#### Input:
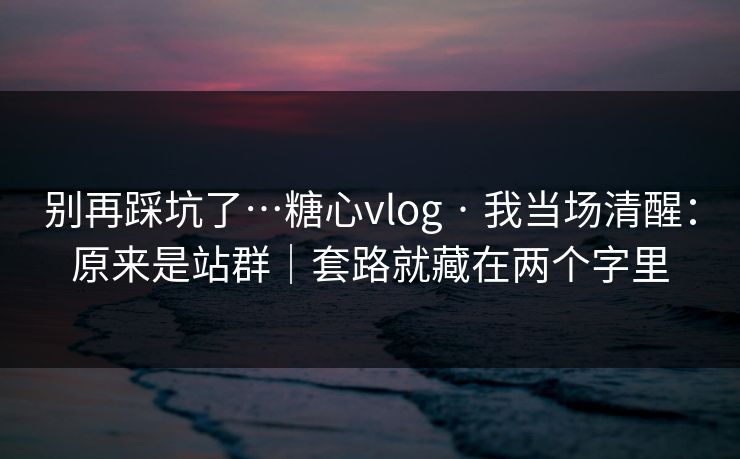 别再踩坑了…糖心vlog · 我当场清醒:原来是站群|套路就藏在两个字里 别再踩坑了…糖心vlog · 我当场清醒:原来是站群|套路就藏在两个字里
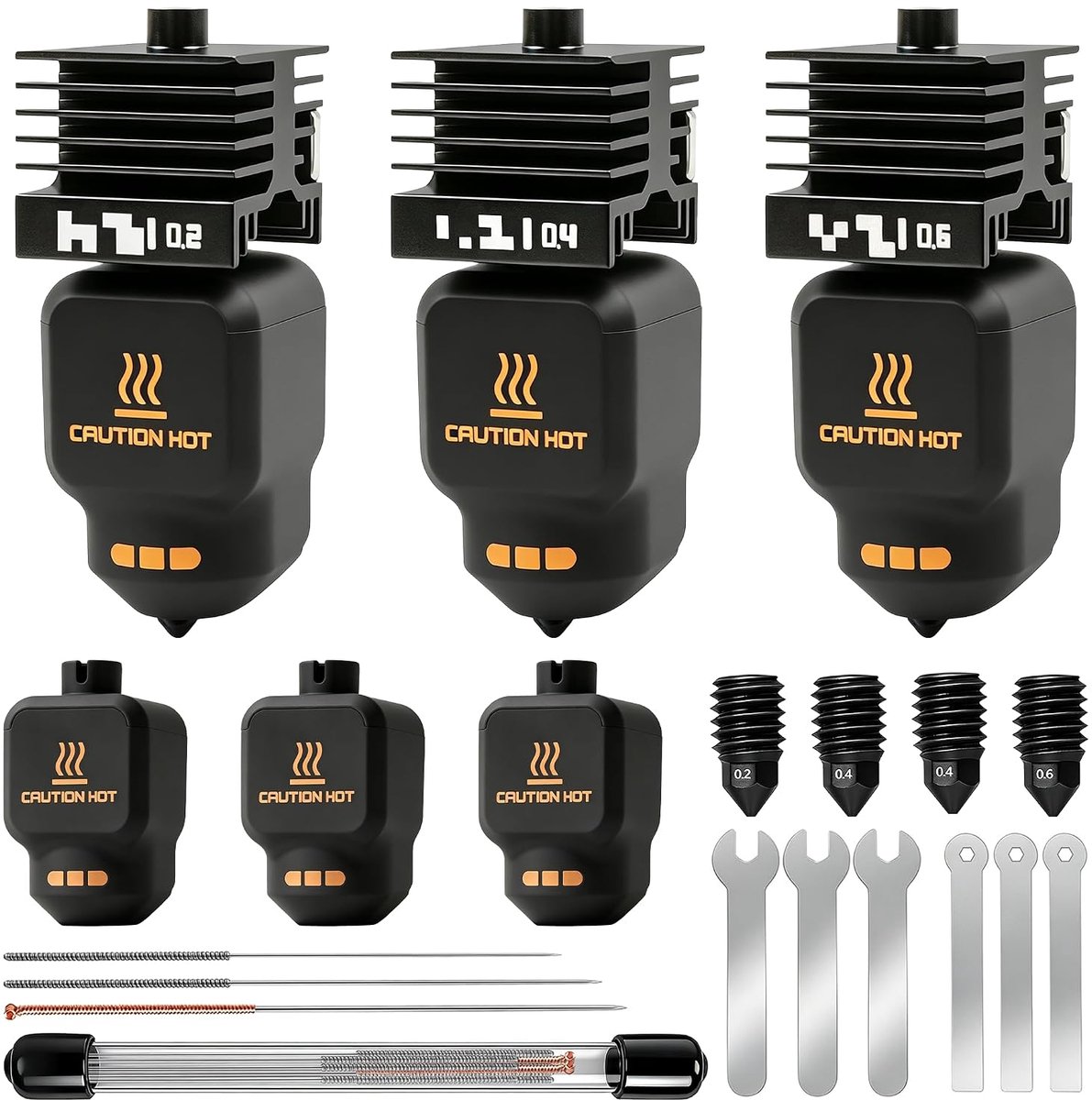 3 stuks 0,2 mm + 0,4 mm + 0,6 mm P2S Hotend Kit voor Bambu Lab P2S/X2D/H2D/H2S, extruder upgrade inclusief gehard stalen mondstuk voor hoge temperaturen voor Bambu Lab 3D-printeraccessoires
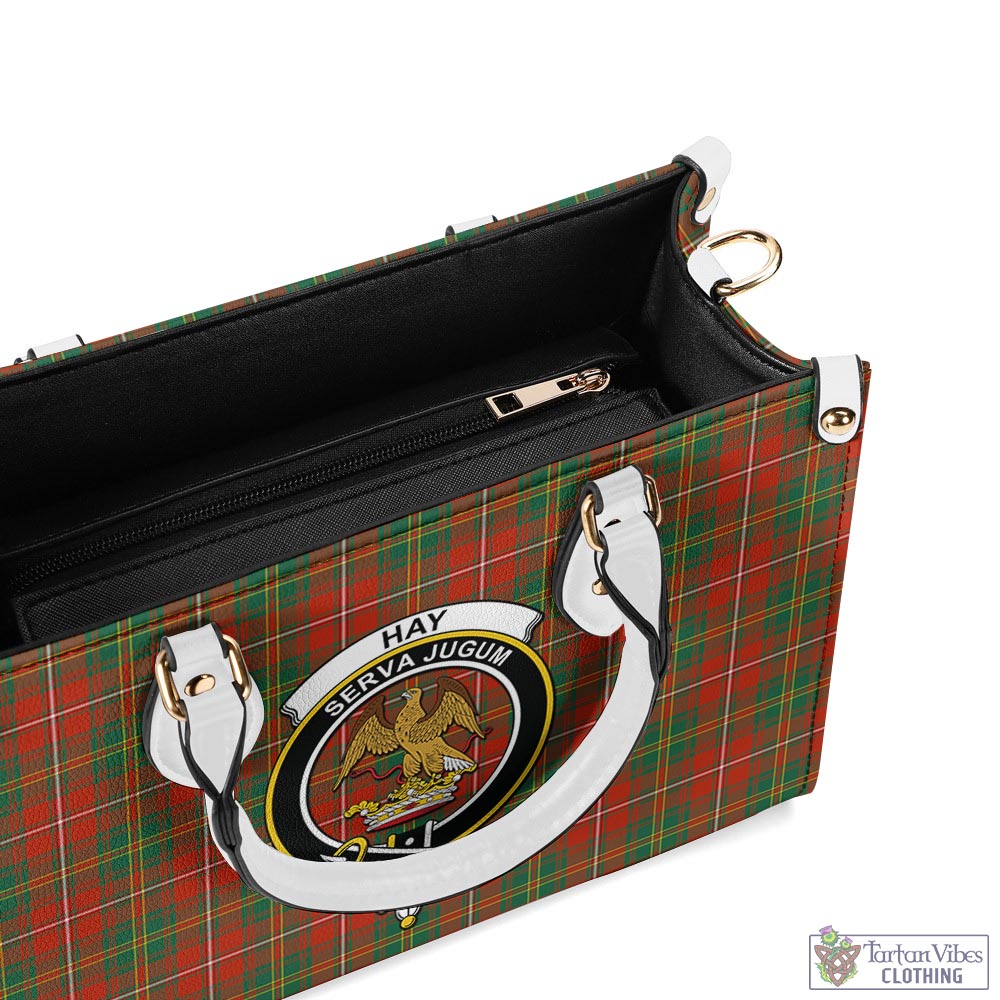 Tartan Vibes Clothing Hay Ancient Tartan Luxury Leather Handbags with Family Crest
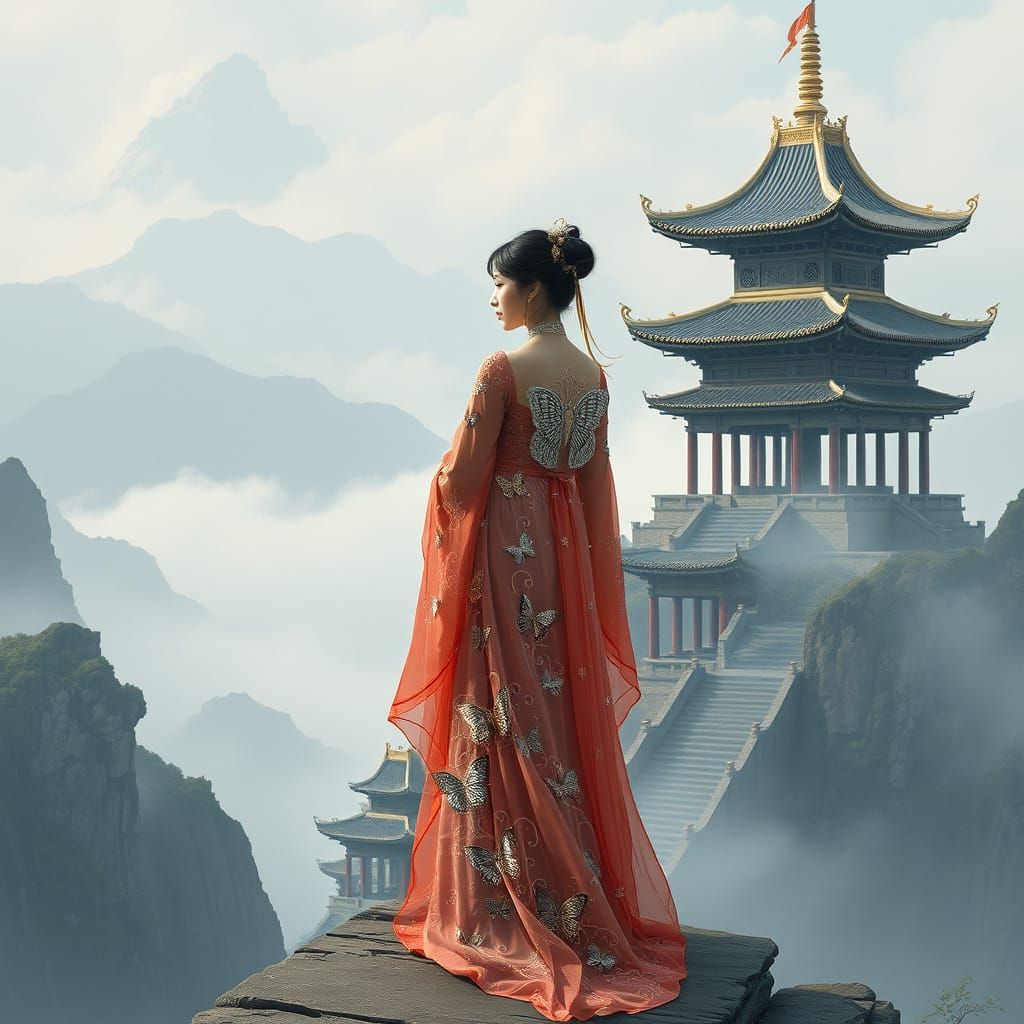 Chinese Woman in Butterfly Gown at Ancient Temple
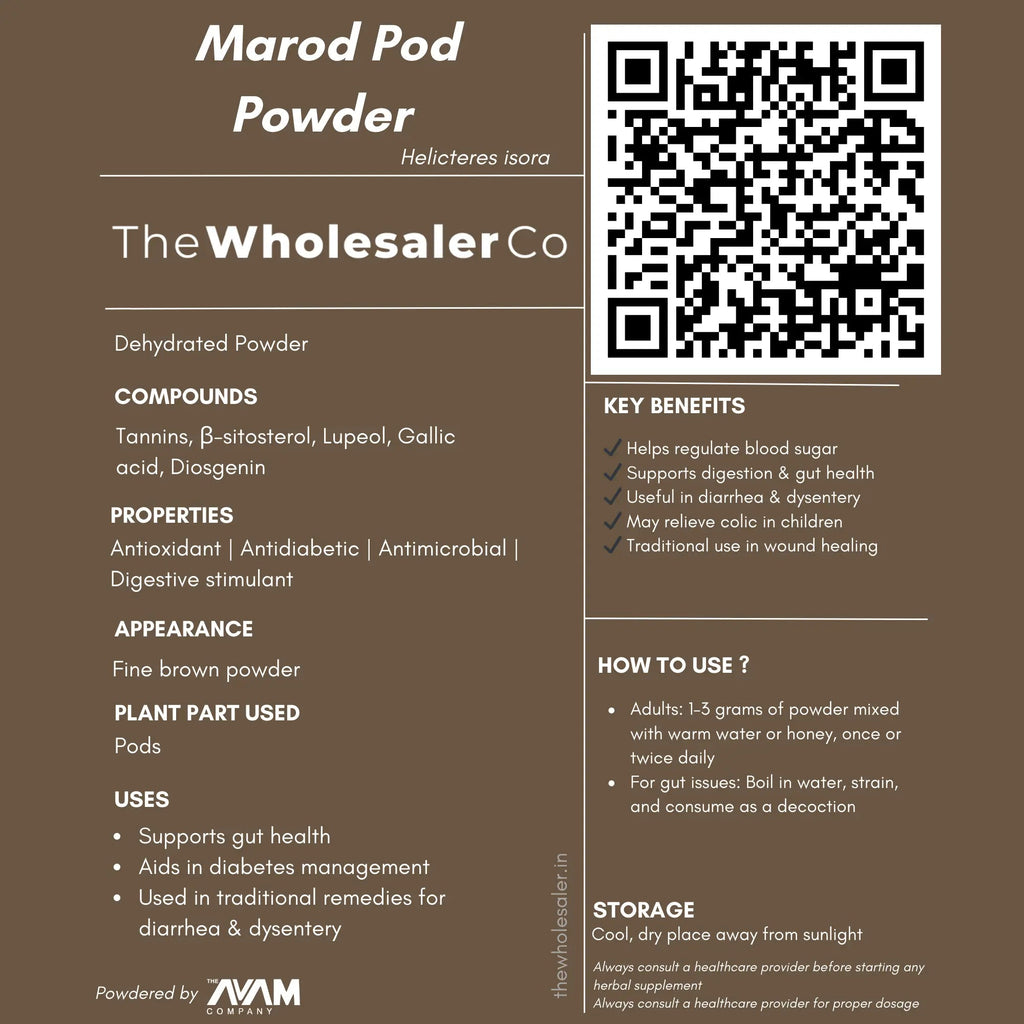 Marod Phali Powder - Helicteres isora Bulk Supplier@TheWholesaleCo Prices
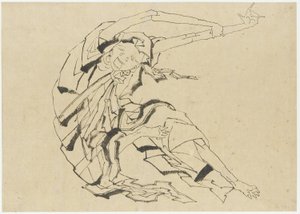 Muž s dlouhými pažemi se protahuje, období Edo (inkoust na papíře) od Katsushika Hokusai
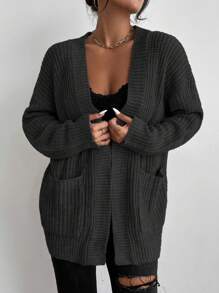 Chiquease 纯色双口袋罗纹针织开衫、长袖上衣 - 深灰色 - 查看 3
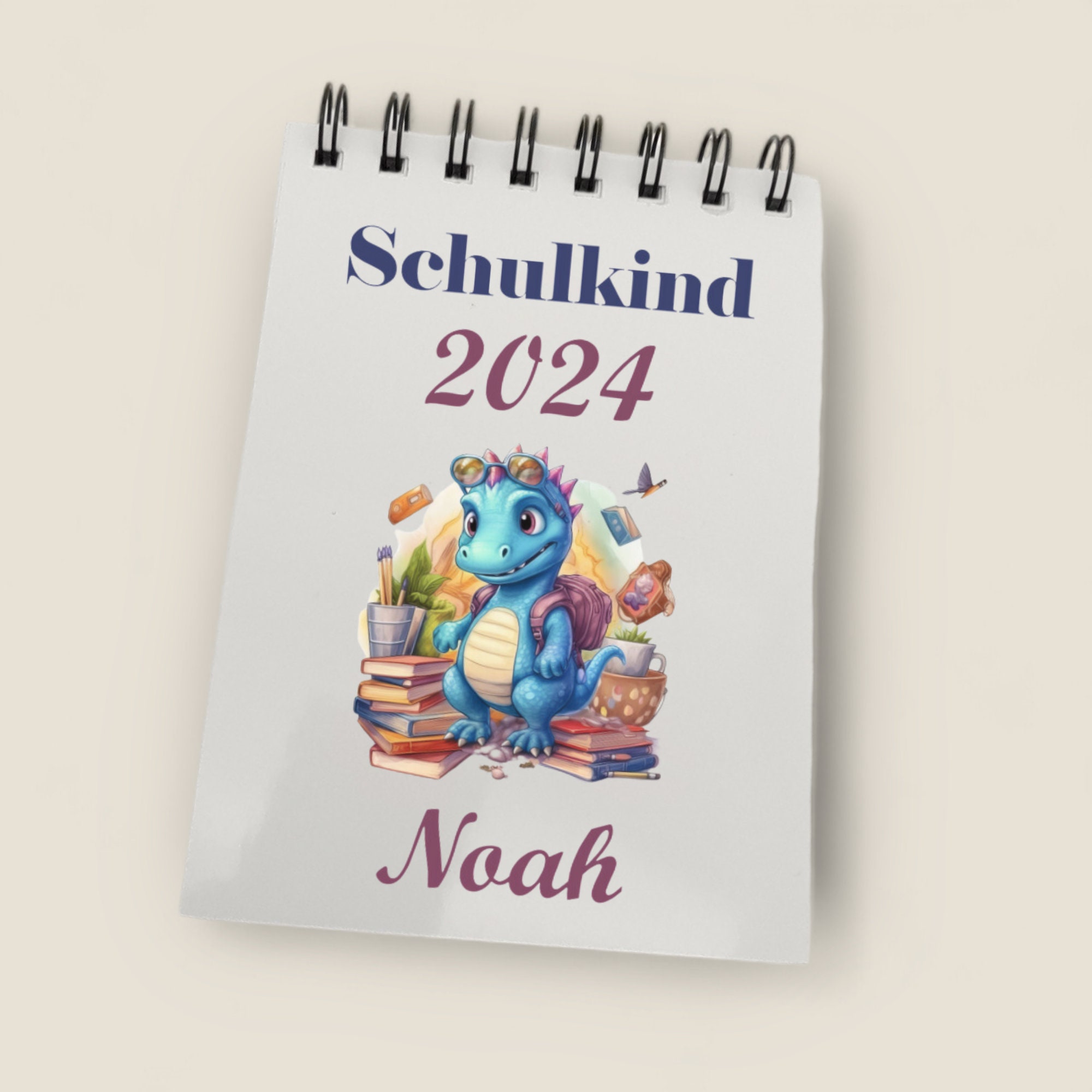 Notizblock Name und Jahr personalisiert DIN A6 Ringblock Schreibblock Notizbuch Schulheft Hausaufgabenheft - Schulkind Dinosaurier  #A6SO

#### Action item:
The range runs from the line containing "Tartan Vibes Clothing" through the end of the entries; print those lines exactly and leave the pictures out.

#### Solution:
 Tartan Vibes Clothing Hay Ancient Tartan Luxury Leather Handbags with Family Crest
 Chinese Woman in Butterfly Gown at Ancient Temple
 Marod Phali Powder - Helicteres isora Bulk Supplier@TheWholesaleCo Prices
 Muž s dlouhými pažemi se protahuje, období Edo (inkoust na papíře) od Katsushika Hokusai
 Chiquease 纯色双口袋罗纹针织开衫、长袖上衣 - 深灰色 - 查看 3
 Notizblock Name und Jahr personalisiert DIN A6 Ringblock Schreibblock Notizbuch Schulheft Hausaufgabenheft - Schulkind Dinosaurier  #A6SO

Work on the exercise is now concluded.